Mind you, my excitement related more to being part of an event, a happening, something historic.

Yes, I have read my own tweets about the evidence and the delays. I harbored no illusions.  But still; this would be awesome.

I realize that Judge Jacob Walker III had mentioned an earlier trial that he would need to clear out before the Hubbard trial could begin, so I was also prepared for that.

Then, a couple of weeks later, I received a juror’s questionnaire. A long one. Lots of questions about crime, politics, the courts.  And the questionnaire cautioned that the trial could last three weeks. That was the tip.

So I sent it in and then prepared myself. I stopped tweeting about the trial and talked about it only a little. I told a few friends, when it was relevant, about the jury pool thing. They thought it was funny too.

Then my stupidity set in.

First, let me plead prior experience — and while I do so, sound like one of my own students after missing a class event.

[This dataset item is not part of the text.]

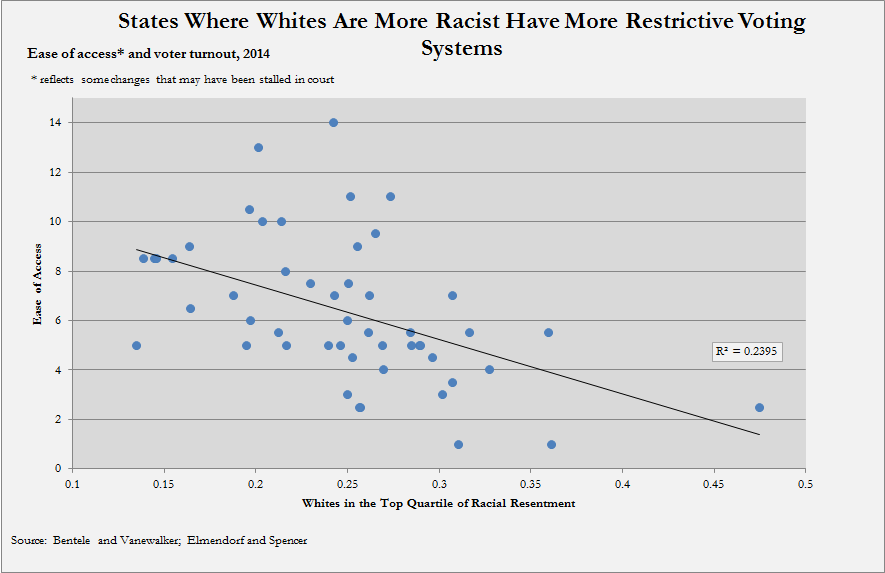 States Where Whites Are More Racist Have More Restrictive Voting Systems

I had been called to jury duty twice when I lived in California. You were notified that you were in the pool, then the day before, you were contacted and told whether to show up.

Then, I noted in the papers that jury selection would begin on May 16.  Yes, I KNOW that I did not hear anything from Trisha Campbell, court administrator. Yes, I KNOW that my most recent official instructions said May 9.

So, after not getting a call I wasn’t promised, I did what any know-it-all professor would do. I didn’t show up. I looked forward to the fun on May 16.

Friday morning, at our weekly Chappy’s crew breakfast, I even asked Sheriff Jay Jones about parking. He told me it would be catch-as-catch-can, but he pointed out a couple of less-used parking areas.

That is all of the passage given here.